Rock refuses to be drawn into a debate on how national standards for access and quality might be established and maintained. He is also cautious when asked what he'll do about the law outlawing cigarette advertising passed before this year's election and the prime minister's promise to make an exception for the 300-km/h
tobacco billboards driven by people like Canada's and Quebec's latest hero, Jacques Villeneuve. "We will fulfil the prime minister's commitment," says Rock, "but we won't go any further than we have to -- we will have to manage that carefully."
Rock's gentle manner belies his intensity. Until 1984 he smoked 30 cigarettes a day. He quit and promptly became a marathon runner, competing in the New York Marathon in 1985, '86 and '87. He gave up the marathons in 1987 after his wife had twins, but he still runs up to 10 km a day. "I just replaced one addiction with another."

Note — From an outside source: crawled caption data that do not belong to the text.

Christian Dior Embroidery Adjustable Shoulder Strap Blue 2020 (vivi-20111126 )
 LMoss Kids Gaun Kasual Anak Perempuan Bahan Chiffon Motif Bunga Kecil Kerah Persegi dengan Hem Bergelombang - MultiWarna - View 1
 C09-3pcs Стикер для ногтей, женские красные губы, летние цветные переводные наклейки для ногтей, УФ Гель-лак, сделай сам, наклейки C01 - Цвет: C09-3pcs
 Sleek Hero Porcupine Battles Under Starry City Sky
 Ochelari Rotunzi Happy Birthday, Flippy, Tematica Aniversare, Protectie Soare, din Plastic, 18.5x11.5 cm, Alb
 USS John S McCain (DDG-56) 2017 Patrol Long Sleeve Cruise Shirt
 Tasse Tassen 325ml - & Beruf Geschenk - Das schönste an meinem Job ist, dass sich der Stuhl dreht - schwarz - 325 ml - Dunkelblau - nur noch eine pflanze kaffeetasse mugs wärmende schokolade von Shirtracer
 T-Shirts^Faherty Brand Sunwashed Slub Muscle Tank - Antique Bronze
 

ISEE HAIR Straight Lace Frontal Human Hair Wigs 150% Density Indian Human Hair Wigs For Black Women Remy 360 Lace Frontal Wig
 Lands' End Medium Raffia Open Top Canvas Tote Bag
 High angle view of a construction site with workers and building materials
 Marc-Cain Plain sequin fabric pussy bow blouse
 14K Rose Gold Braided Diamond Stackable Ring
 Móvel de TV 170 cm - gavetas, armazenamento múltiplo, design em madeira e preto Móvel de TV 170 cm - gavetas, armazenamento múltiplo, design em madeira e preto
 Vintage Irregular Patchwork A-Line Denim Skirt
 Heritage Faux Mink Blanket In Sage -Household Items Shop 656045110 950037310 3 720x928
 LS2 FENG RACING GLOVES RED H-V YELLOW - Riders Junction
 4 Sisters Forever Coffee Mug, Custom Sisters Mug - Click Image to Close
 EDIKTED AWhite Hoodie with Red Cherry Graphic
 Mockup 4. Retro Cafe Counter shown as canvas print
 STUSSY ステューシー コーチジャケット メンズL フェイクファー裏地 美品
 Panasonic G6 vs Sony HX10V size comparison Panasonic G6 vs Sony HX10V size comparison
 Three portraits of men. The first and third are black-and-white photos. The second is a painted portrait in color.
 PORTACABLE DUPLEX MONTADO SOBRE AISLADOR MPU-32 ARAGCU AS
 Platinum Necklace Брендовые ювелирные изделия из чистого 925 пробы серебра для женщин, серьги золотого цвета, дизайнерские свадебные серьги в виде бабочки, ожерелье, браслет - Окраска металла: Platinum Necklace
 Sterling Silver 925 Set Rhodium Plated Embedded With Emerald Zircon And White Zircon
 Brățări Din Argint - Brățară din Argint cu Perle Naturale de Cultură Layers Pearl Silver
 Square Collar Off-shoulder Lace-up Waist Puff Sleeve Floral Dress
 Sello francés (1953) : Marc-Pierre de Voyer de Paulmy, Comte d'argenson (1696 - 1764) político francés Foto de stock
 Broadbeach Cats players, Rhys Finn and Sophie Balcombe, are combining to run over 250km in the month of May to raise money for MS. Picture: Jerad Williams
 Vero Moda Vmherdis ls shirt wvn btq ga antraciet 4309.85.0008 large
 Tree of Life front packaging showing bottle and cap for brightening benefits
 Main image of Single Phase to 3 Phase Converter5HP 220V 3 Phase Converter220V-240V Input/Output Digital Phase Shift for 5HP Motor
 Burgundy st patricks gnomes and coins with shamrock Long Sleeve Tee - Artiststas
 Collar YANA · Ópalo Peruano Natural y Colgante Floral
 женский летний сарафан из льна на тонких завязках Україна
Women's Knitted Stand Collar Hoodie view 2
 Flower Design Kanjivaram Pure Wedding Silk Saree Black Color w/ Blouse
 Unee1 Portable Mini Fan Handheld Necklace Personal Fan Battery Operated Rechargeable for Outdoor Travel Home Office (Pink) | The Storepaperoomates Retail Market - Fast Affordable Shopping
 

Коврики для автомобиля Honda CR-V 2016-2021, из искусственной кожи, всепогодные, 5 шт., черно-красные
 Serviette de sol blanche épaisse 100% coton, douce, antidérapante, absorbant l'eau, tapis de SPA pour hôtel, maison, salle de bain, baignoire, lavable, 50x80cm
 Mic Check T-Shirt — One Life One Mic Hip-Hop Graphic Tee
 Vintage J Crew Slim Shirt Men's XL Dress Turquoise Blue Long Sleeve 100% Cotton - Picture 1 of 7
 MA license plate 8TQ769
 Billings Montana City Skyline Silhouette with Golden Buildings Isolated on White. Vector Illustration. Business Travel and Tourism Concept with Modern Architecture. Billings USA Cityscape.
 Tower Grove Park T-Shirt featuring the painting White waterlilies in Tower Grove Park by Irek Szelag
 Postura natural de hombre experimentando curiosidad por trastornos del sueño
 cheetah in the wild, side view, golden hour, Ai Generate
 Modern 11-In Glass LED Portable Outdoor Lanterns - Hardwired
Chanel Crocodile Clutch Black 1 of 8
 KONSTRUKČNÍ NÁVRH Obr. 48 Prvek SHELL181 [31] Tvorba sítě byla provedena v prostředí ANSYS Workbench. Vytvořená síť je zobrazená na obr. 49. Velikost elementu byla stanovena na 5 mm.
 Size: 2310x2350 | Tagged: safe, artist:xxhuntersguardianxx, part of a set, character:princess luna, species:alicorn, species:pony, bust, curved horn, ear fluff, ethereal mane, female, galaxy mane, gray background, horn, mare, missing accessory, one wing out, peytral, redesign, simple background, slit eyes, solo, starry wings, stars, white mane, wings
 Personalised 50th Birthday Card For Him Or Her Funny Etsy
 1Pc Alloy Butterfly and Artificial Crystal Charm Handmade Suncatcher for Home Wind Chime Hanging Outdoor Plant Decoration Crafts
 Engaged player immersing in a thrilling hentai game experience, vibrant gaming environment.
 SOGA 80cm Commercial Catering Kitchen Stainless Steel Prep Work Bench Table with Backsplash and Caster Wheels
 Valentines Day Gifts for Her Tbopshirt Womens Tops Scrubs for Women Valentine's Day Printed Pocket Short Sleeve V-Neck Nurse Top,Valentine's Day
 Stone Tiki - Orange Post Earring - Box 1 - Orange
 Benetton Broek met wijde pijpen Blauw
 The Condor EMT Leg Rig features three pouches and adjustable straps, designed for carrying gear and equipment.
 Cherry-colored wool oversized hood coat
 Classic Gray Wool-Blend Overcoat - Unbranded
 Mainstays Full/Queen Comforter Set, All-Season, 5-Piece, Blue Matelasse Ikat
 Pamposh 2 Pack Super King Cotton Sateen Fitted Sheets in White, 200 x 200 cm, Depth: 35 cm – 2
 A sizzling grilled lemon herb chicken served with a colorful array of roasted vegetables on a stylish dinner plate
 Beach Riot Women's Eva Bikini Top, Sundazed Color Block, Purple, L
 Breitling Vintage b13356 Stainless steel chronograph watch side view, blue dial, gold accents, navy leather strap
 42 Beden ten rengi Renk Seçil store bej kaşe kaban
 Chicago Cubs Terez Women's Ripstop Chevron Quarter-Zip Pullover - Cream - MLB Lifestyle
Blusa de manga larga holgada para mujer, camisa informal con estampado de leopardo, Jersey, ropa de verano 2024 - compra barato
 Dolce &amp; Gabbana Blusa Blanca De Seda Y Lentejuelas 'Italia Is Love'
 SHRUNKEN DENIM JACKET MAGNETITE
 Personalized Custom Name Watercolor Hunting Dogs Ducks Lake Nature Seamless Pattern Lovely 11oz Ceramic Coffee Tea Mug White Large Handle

Throughout the interview, I was conscious that Rock was being careful about the message he wanted to deliver to physician readers. "I am very interested in whatever the CMA can tell me about gaps in the system," he said more than once. "Our only way forward is to work together."
In his previous life, first as chief executive officer with the Law Society of Upper Canada and then as minister of justice, he was always known as a "lawyer's lawyer." Today he's happy to have landed another role. "For the first time in 25 years I am something other than somebody's lawyer."
His hope, perhaps, is that he might emerge as medicare's healer.